— EXERCISE GOAL —
Take the records below and set down exactly the lines from the one with "Hi guys, so" to the one with "Hello, this is", ends included; do not copy the pictures.

— PROVIDED RECORDS —
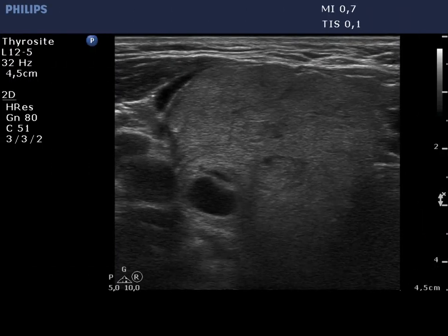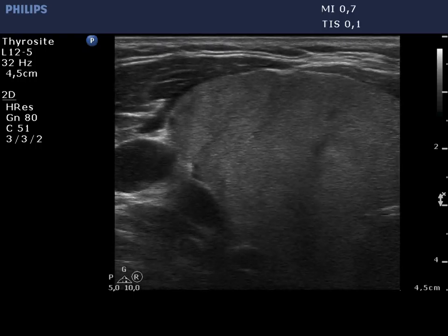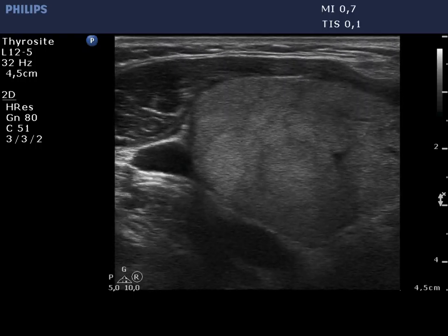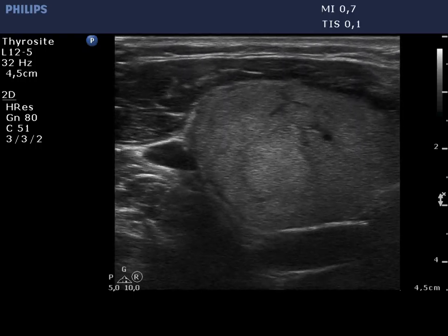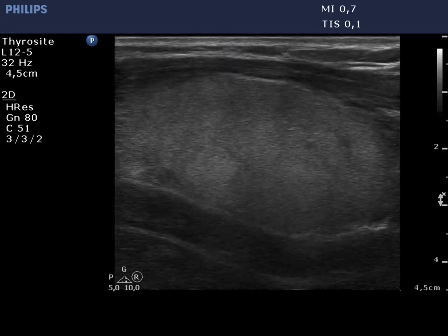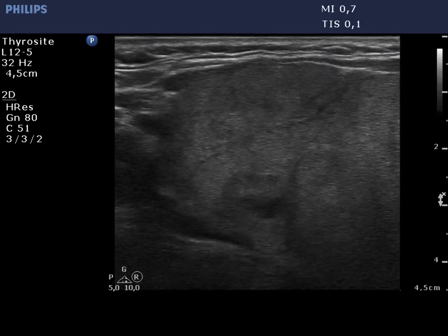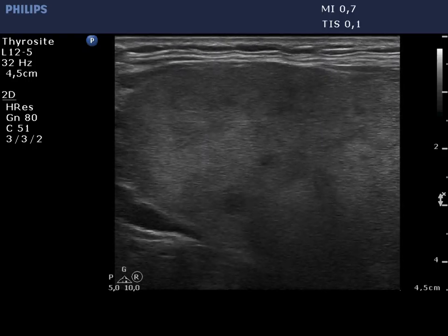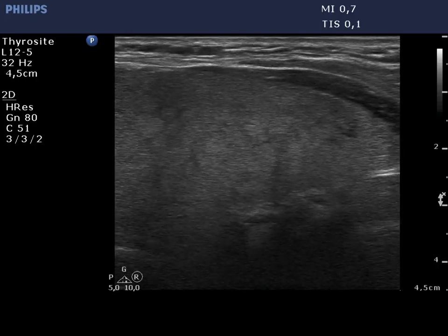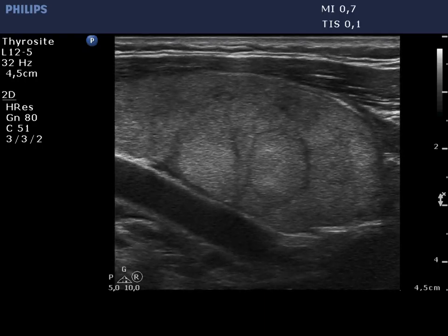The enlarged thyroid displays an echonormal, minimally hypoechoic basic echo pattern. The lobe is divided into smaller areas, none of which carries oncological significance. This is a typical micronodular or pseudolobular pattern.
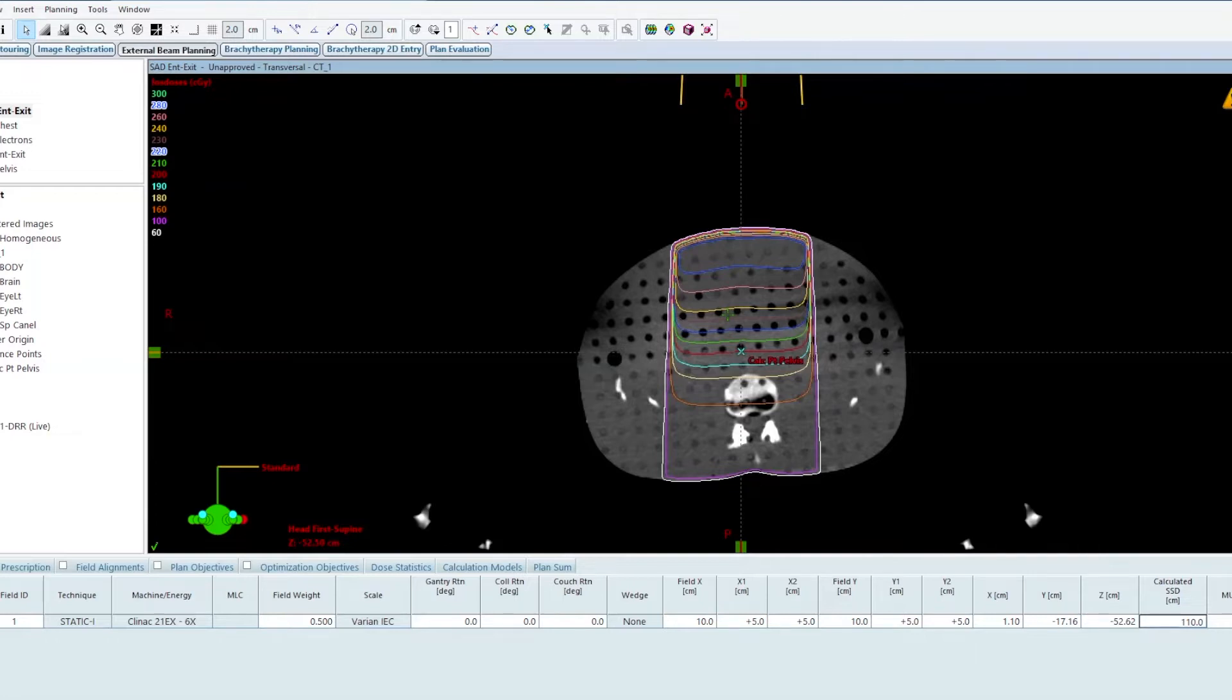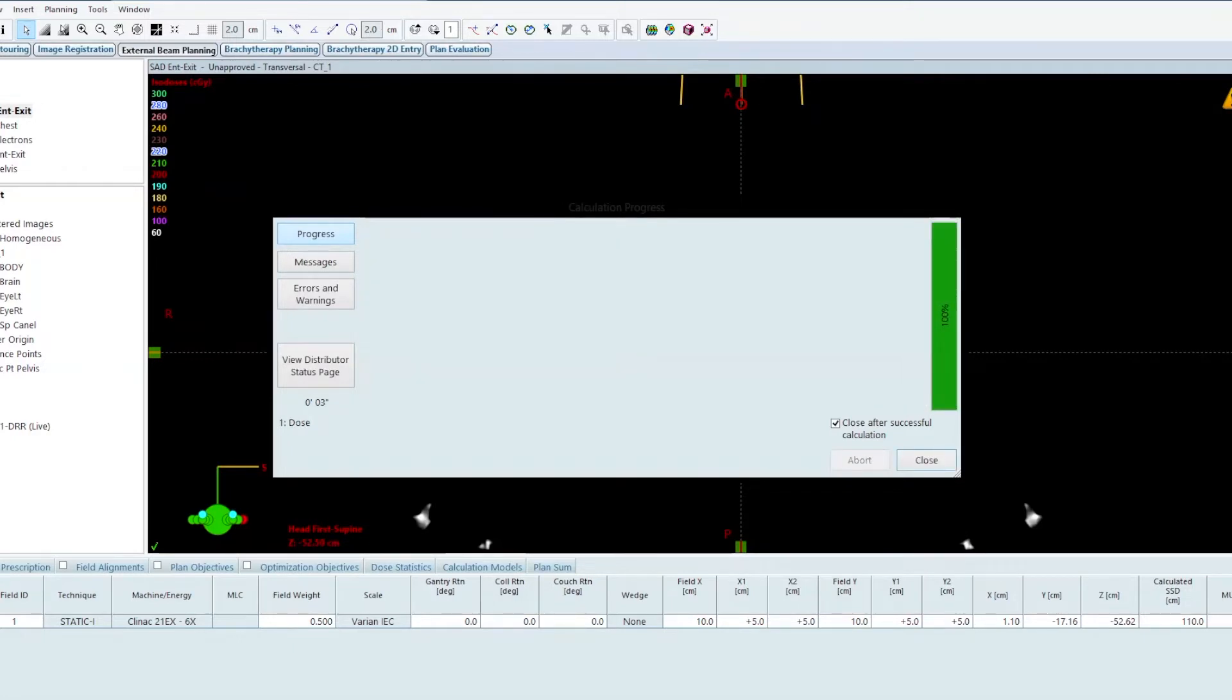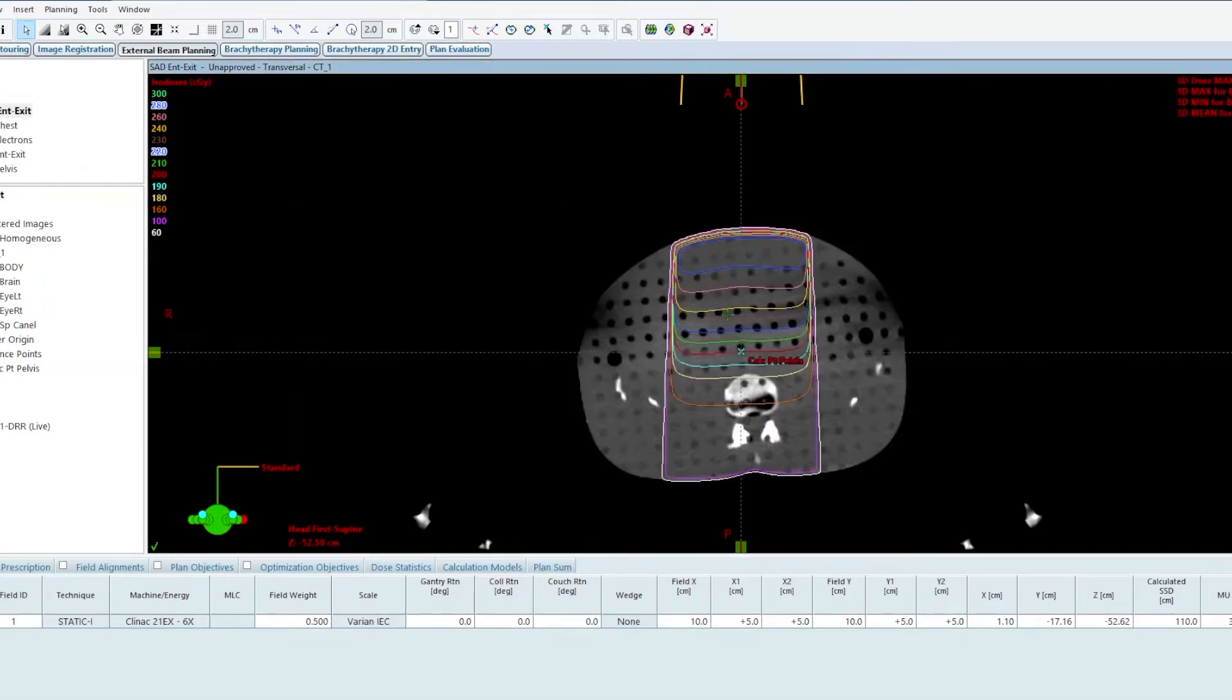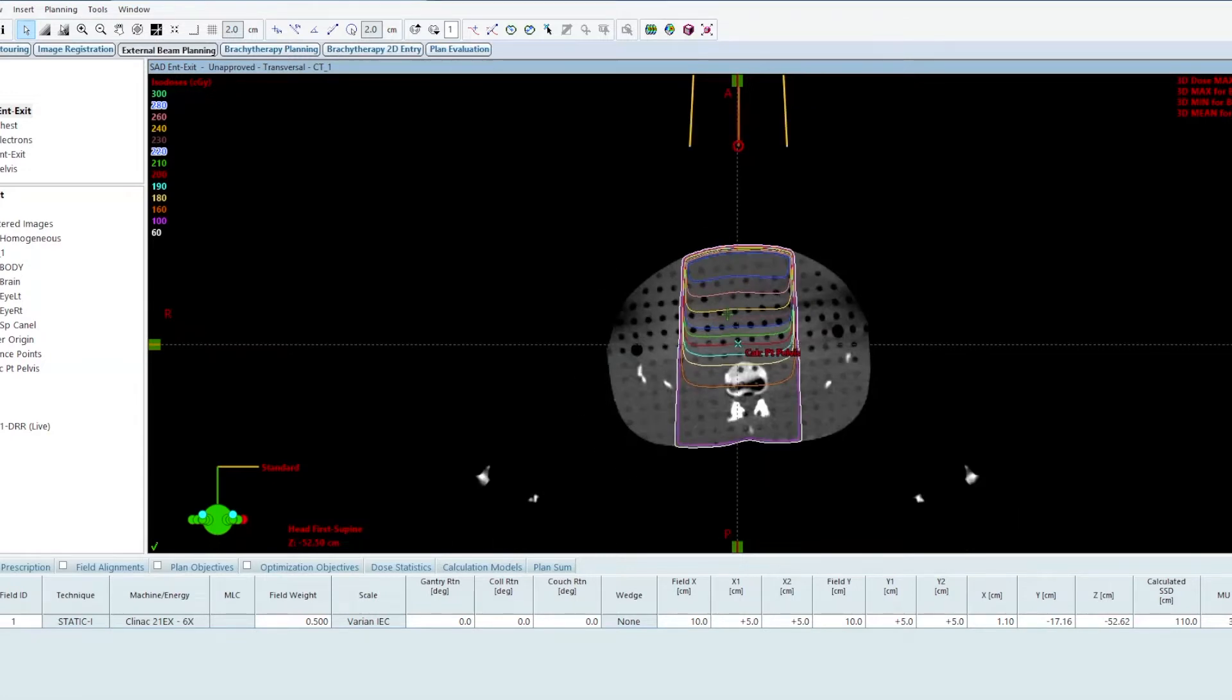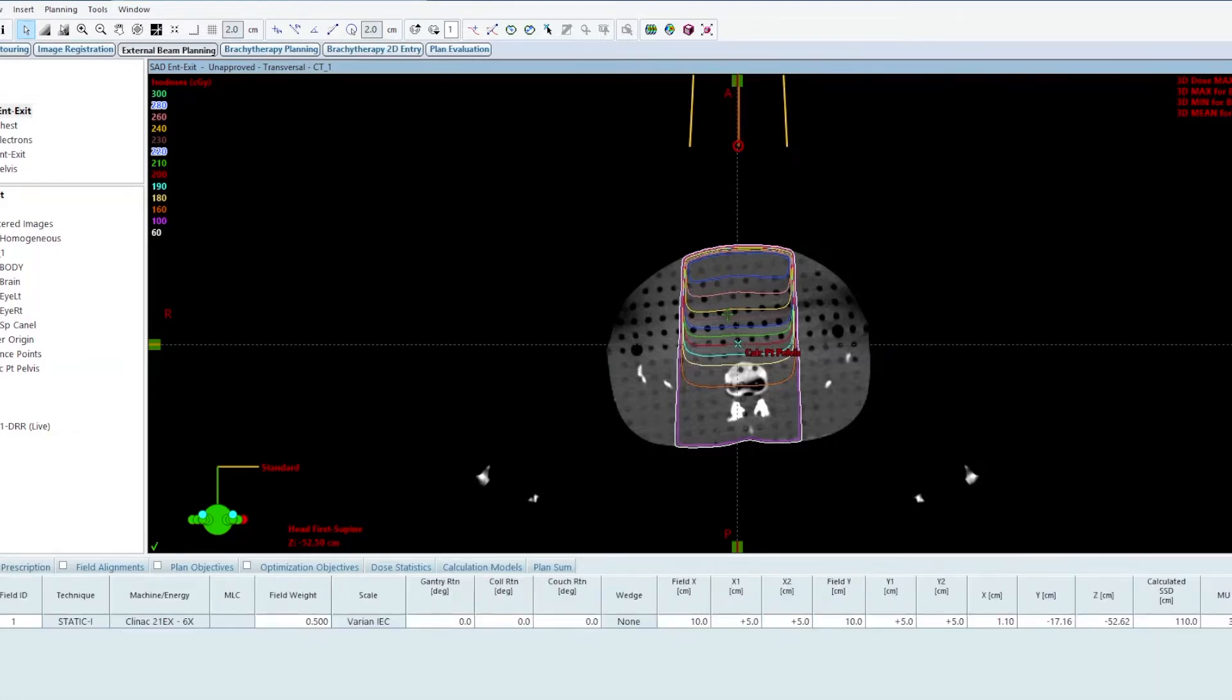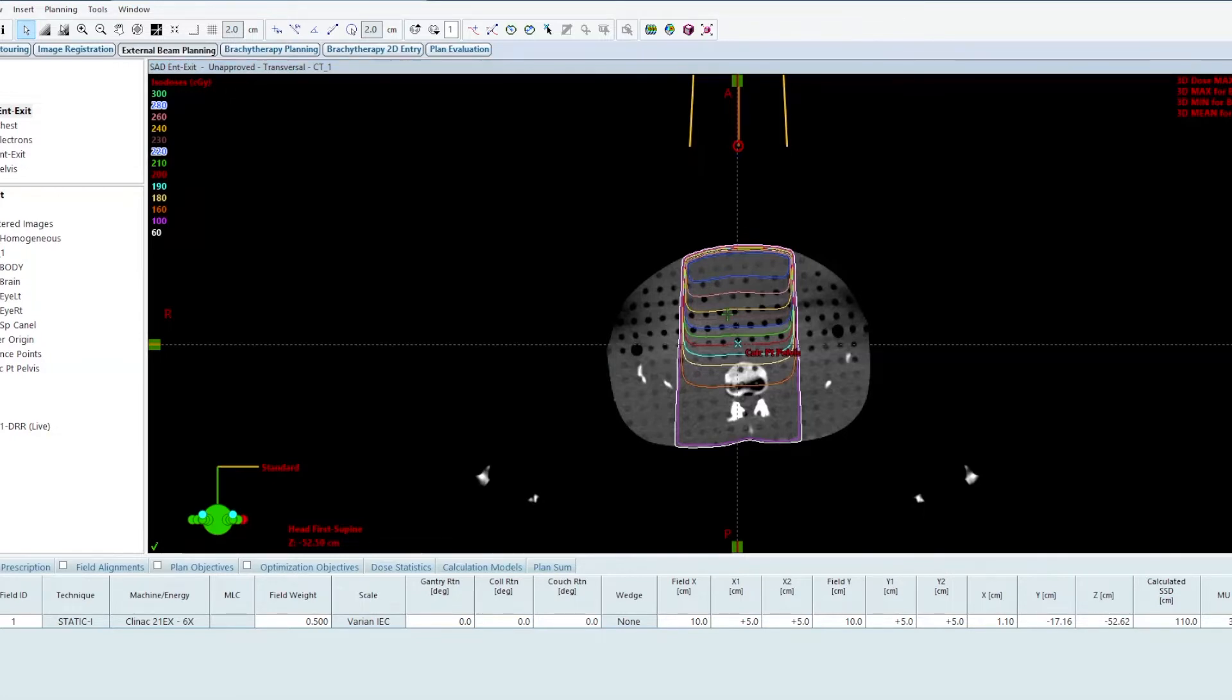I'm going to recalculate the dose on the treatment planning system. Let's go through the dose calculation for this. I have 358 monitor units, 10 by 10 field size. I'm delivering 200 centigrade to the calculation point. My attenuation is 10 centimeters, so I have 10 centimeter depth. My calc point now is an extended distance away from isocenter and the calibration point for the machine.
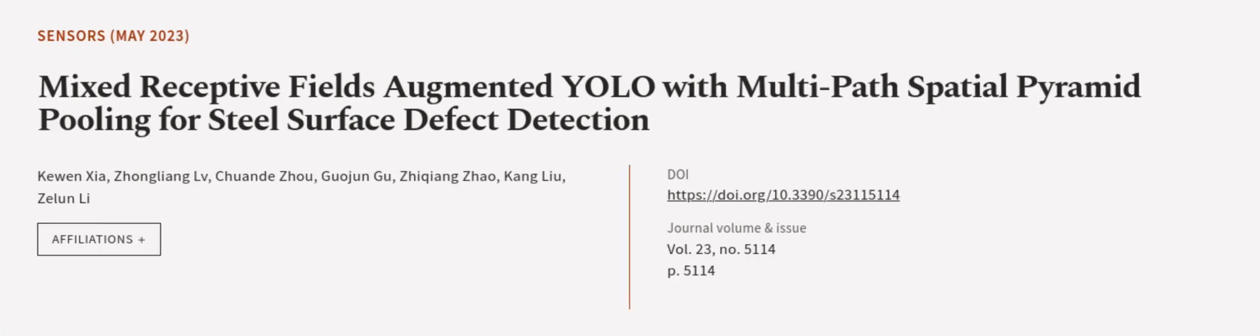This article was authored by Qun Xia, Zhongliang LV, Chuanda Zhou, and others.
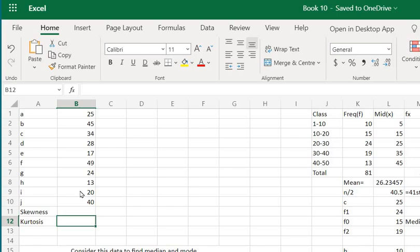Hi guys, so in the last video we have been discussing how to find the variance and the standard deviation of a given data. Now in this video we'll be discussing how to find the skewness and kurtosis of a given data.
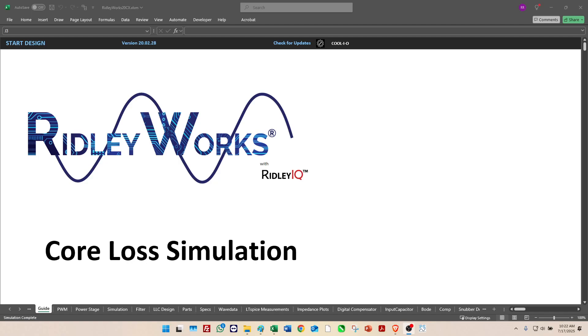In this video we're going to look at how Ridley Works deals with core loss predictions for transformers and inductors. We do this in a unique way by working with LT Spice and using circuit models.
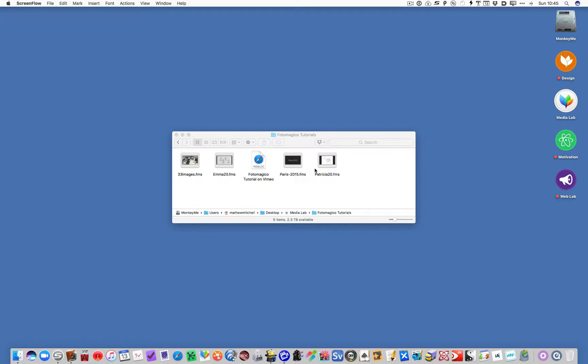Hello, this is Matthew Mitchell, and this is going to be a very brief, superficial tutorial on PhotoMagico because you have other tutorials that go into more depth. But I just want to give you a very brief idea of why I find slideshow software so useful.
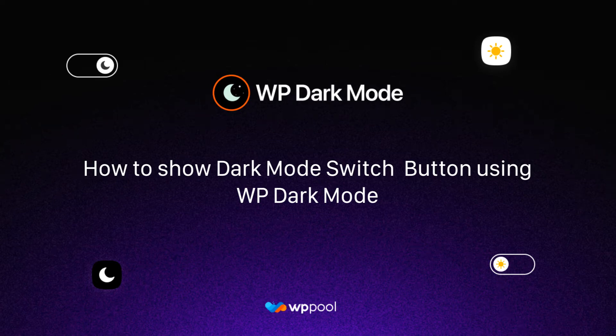Hello, today we show how to use Dark Mode's switch button using WP Dark Mode.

— WORKED SOLUTION —
Hi guys, so in the last video we have been discussing how to find the variance and the standard deviation of a given data. Now in this video we'll be discussing how to find the skewness and kurtosis of a given data.
In this video we're going to look at how Ridley Works deals with core loss predictions for transformers and inductors. We do this in a unique way by working with LT Spice and using circuit models.
Hello, this is Matthew Mitchell, and this is going to be a very brief, superficial tutorial on PhotoMagico because you have other tutorials that go into more depth. But I just want to give you a very brief idea of why I find slideshow software so useful.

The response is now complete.